Tuesday, August 05, 2008

Três filmes e uma crítica

Algumas vezes a gente tem tanta coisa para fazer que têm filme que pega poeira na lista de "para comentar". Resolvi limpar essa lista em três partes, começando por esse texto.

Falemos sobre Apocalypto, Desbravadores e 10.000 A.C.. Todos, já disponíveis em locadora.

O tempo é aquele que reina a espada, machado e o arco e flecha. Aqueles que dominam o conhecimento são personagens místicos, que falam com sabedoria quase sempre por metáforas incompreensíveis, prevendo o futuro com uma precisão assustadora. A história é sobre uma pequena aldeia ameaçada por forças incrivelmente mais poderosas e mostra a luta de um homem para salvar sua família, contra tudo e todos.

De que filme eu estou falando ? Dos três. Francamente, isso é decepcionante. Parece que vai chegar o tempo que será possível fazer resenhas apenas com ctrl+c e ctrl+v. Fica pior quando percebemos que os três tem a mesma tonalidade fotográfica (pelo menos na maior parte do tempo) e a mesma narrativa conceitual, ainda que cada um tenha um acabamento e corte diferente.

De qualquer forma, os três filmes não são iguais.

Apocalypto não é, em termos de qualidade, nem sombra do que foi a Paixão de Cristo de Mel Gibson, mais segue o mesmo estilo (inclusive na questão violência), ainda que em uma tonalidade diferente. Ele se passa na América, alguns dias antes da chegada do espanhóis a região. Trata com uma certa "realidade" (realidade sobre o ponto de vista de alguns historiadores) o que se passava aqui quando os espanhóis chegaram (é aquela questão: como alguns homens com arma de fogo mataram milhões de usuários de espadas ? Ainda que fosse possível, faltaria munição - e não, isso não é o filme, o filme é apenas com os nativos, só estou situando o cenário). A história é mesmo aquela contada acima, mas aqueles não gostam de muita fantasia, podem ficar despreocupados. O filme termina e você diz a si mesmo: "isso poderia ter acontecido" (Ei, tem aspas ali, você viu, né ?). A realidade mata a fantasia, mas fantasia sobra nos dois outros filmes.
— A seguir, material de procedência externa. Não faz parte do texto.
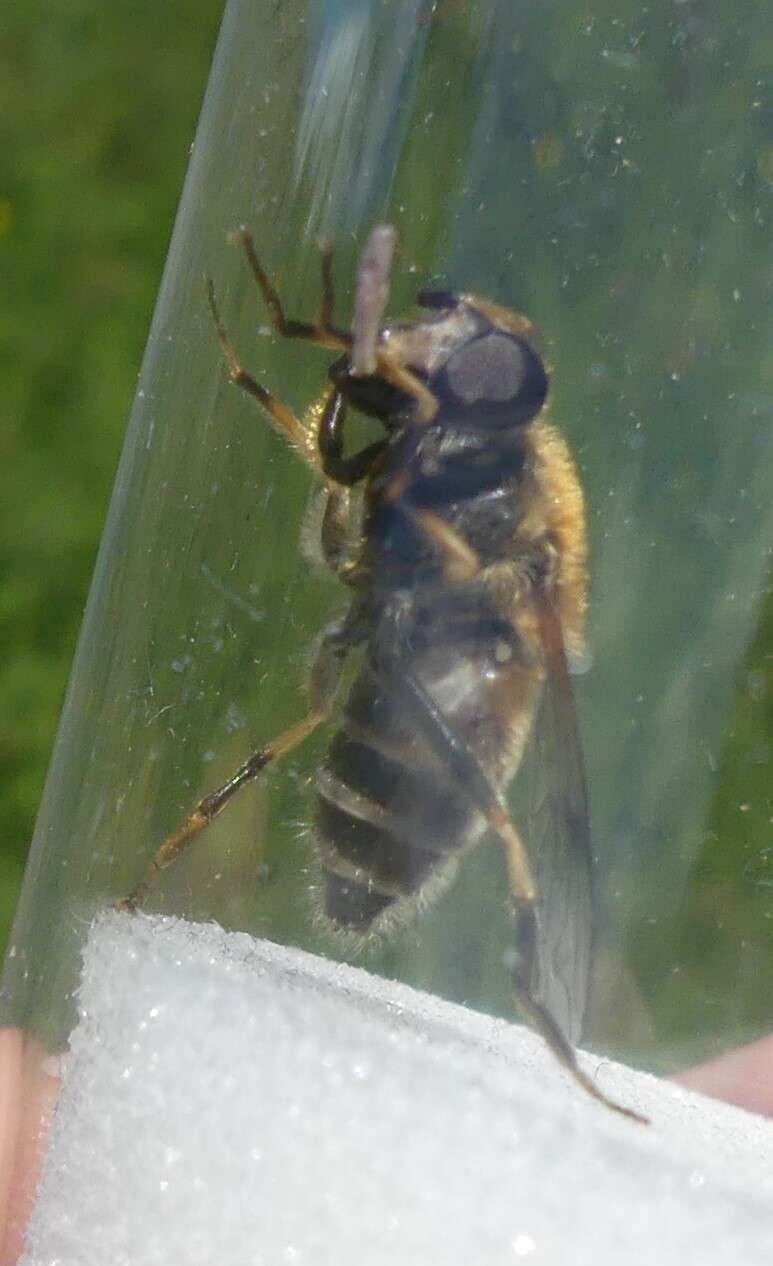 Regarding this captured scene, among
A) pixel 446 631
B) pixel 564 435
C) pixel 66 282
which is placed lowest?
pixel 66 282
Desbravadores é um filme com um poster muito impressionante. Não se prende a uma América real, pelo contrário, deixa a imaginação fluir em uma hipótese velha da chegada do povo nórdico na América - mas tudo é completamente sem sentido - sob certo ponto, pelo menos. O retrato histórico aqui é apenas um efeito visual. Os acontecimentos são exagerados, extremos, bem ao estilo cinema pipoca. Não compromete muito - nem na narrativa - ainda que não seja algo que tenha o valido o ingresso de quem foi ao cinema ver o filme (e pensar que eu quase fiz isso !). Ainda assim, se gosta de ação com sangue e não quer prestar atenção em mais nada, esse é o seu filme. Ah ! Esse filme está cheio de "cenas comuns", ou seja, tem dezenas de situações que você já sabe o que vai acontecer porque já viu isso acontecer em vários outros filmes.
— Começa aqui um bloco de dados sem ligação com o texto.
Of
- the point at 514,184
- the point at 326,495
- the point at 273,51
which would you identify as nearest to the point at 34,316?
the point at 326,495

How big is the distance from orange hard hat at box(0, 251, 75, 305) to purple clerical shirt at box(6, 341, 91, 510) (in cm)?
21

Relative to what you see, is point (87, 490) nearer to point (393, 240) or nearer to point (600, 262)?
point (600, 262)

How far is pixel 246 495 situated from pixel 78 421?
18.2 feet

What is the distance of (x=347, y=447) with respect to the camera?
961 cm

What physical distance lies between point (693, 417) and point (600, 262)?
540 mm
10.000 A.C. é uma adaptação de um quadrinho que eu nunca li. Então sobre isso, fico sem comentários. Como dito antes, o filme tem a mesma narrativa dos dois anteriores, um homem que quer salvar sua família. E sim, eu entendo que o conceito de família, nos três casos, seja o conceito de família tribal, ou seja, muito mais que uma ou duas pessoas, apesar destas serem sempre o foco. A história se passa na África e, como sugere o título, em um período muito mais antigo que os dois mencionados acima. Note que a África é mais rica em mitos conhecidos do que a América. É outro filme visualmente bonito, mas cansa. É o terceiro filme parecido em menos de 1 ano e meio (Apocalypto esteve no cinema no início de 2007). Ok, que tudo aqui é diferente. Os problemas, os ritos, etc e tal, mas quando se vê algo, se vê dentro de algo maior. Daqui alguns anos os detalhes sumirão da sua mente (na verdade são algumas horas). O que fica é o tronco da história, e isso não é nada.
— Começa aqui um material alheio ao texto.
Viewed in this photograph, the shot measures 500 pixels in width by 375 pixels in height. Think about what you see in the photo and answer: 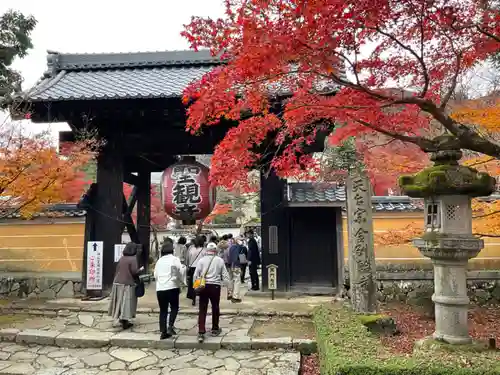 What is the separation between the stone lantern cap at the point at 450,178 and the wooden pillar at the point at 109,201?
7.78 meters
Se estiver pensando em ver esses filmes, veja, mas não veja no mesmo dia. Você vai odiar o terceiro filme, não importa qual seja.
Se pensarmos em compra, eu sugiro apenas Apocalypto. Eu sempre penso naquele cenário onde você tem uma lista de desejos para comprar e não tenho dinheiro para tudo, logo nunca vai comprar tudo. Sendo assim, apenas Apocalypto vale o ponto de uma anotação. 10.000 A.C. também é bom, eu não comprarei, mas se tiver uma promoção assim, 3 por 10 reais é possível pensar no assunto (estou falando de DVD original de segunda mão vendido em locadora - a chamada revenda -, é melhor forma de economizar na compra de um DVD).

* O título do tópico é um trocadilho com título "Três solteirões e um bebê".

Sunday, June 08, 2008

Indiana Jones

É possível falar de Indiana Jones e o Reino da Caveira de Cristal sem lembrar e/ou comparar com o que já foi feito nos filmes anteriores ?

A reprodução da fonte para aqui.